2014-09-12 04:05 来源:www.xuemo.cn 作者:雪漠\曹元勇\陈彦瑾 浏览:53718972
内容提要:虽然《野狐岭》的写法别人不一定喜欢,但我必须这样写。因为,我想探索小说的另一种可能性。我一直认为,艺术如果没有创新,艺术的价值就消失了。

从《野狐岭》和莫言小说看小说的民间性和世界性(一)

——雪漠老师与莫言小说编辑曹元勇老师对话实录

对谈背景:2014818日晚六点半,由人民文学出版社主办的文学对谈会《小说的民间性与世界性——从雪漠<野狐岭>和莫言小说谈起》在上海文化地标季风书园举行,对谈嘉宾为《野狐岭》作者、国家一级作家、甘肃省作协副主席雪漠和上海文艺出版社副总编、莫言小说编辑曹元勇,主持人由《野狐岭》责编、人民文学出版社编审陈彦瑾担任。本次活动为人民文学出版社在2014年上海书展期间为雪漠长篇新作《野狐岭》举办的系列活动的第一个活动单元。

引子

◎陈彦瑾:大家好,感谢大家在这个下着大雨的晚上来参加我们的活动,今晚,我们是因为一本书而相聚的,这本书就是著名作家雪漠老师最新创作的长篇小说《野狐岭》。

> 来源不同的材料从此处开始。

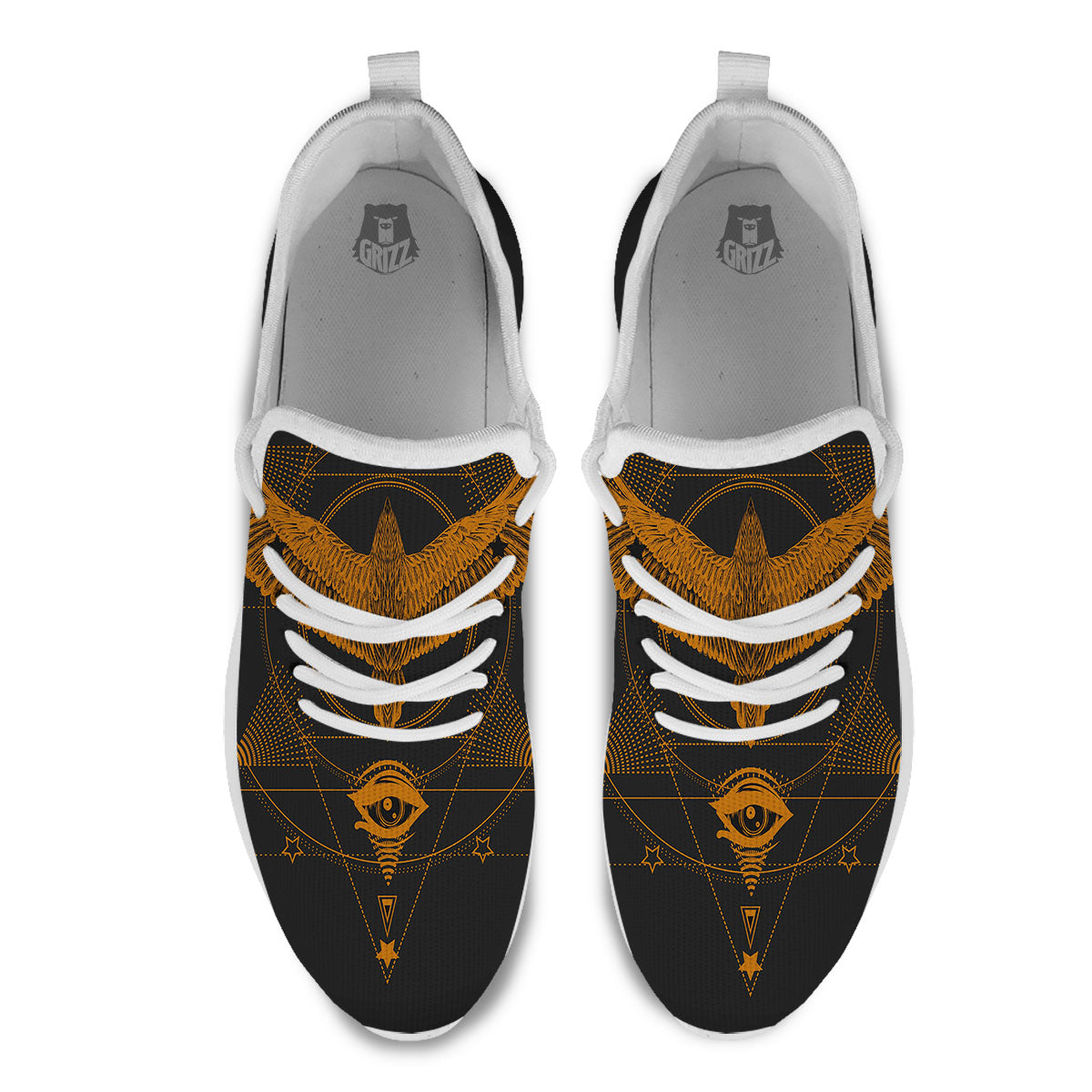 Masonic Eye Raven Print White Athletic Shoes-grizzshop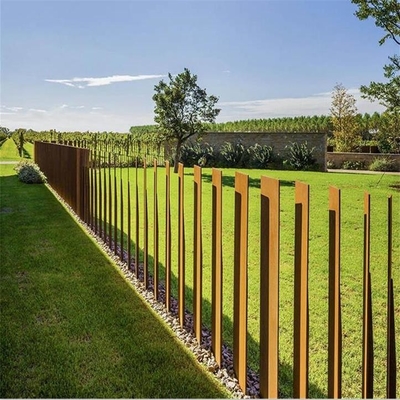 Outside Rusty Metal Blades Corten Steel Picket Fence For Garden Security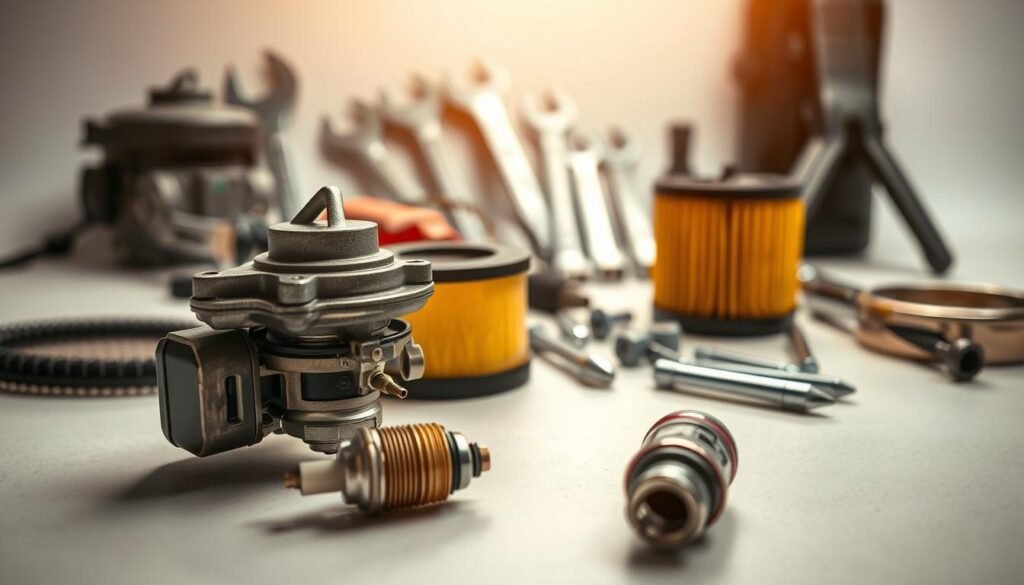 A well-lit, high-resolution close-up photograph of various lawn mower maintenance components arranged neatly on a clean, light-colored surface. The foreground features a carburetor, spark plug, air filter, and oil filter, all positioned to showcase their intricate designs and functions. The middle ground includes a set of wrenches, screwdrivers, and other tools typically used for lawn mower repairs and upkeep. The background subtly fades into a soft, out-of-focus setting, creating a professional, technical-manual-style atmosphere. The lighting is warm and natural, accentuating the textures and details of the components.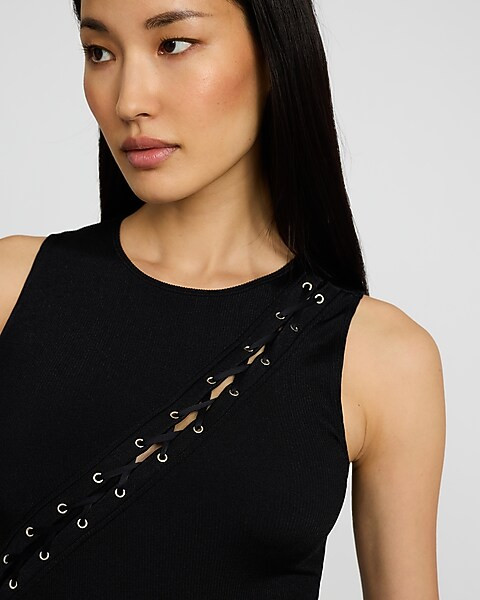 Body Contour Seamless Ribbed Sleeveless Lace-up Bodysuit | Express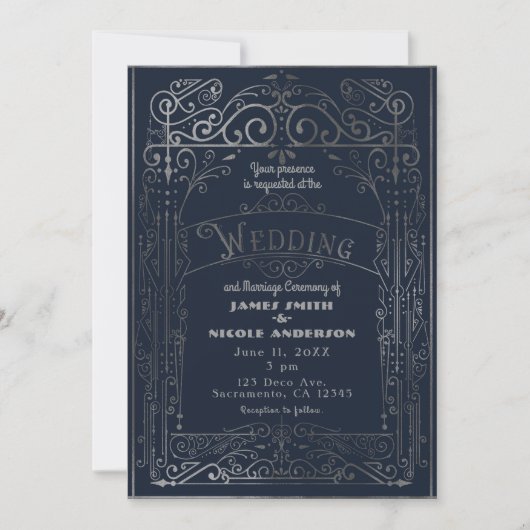 Navy Blue & Silver  Victoriaans Deco Wedding Kaart (Voorkant)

《野狐岭》刚由人民文学出版社出版不到一个月,就已经连续印了三次,这是我们没有想到的。同样没有想到的是,这本书的第一场读者见面会和签售会会在上海文化地标季风书园举办。在此,我们特别感谢季风书园为我们提供的活动场地,谢谢季风。

这本书出版之后,在读者和媒体间引起了很多文学话题,比如对阅读能力的挑战,也比如今晚对谈的话题:小说的民间性和世界性。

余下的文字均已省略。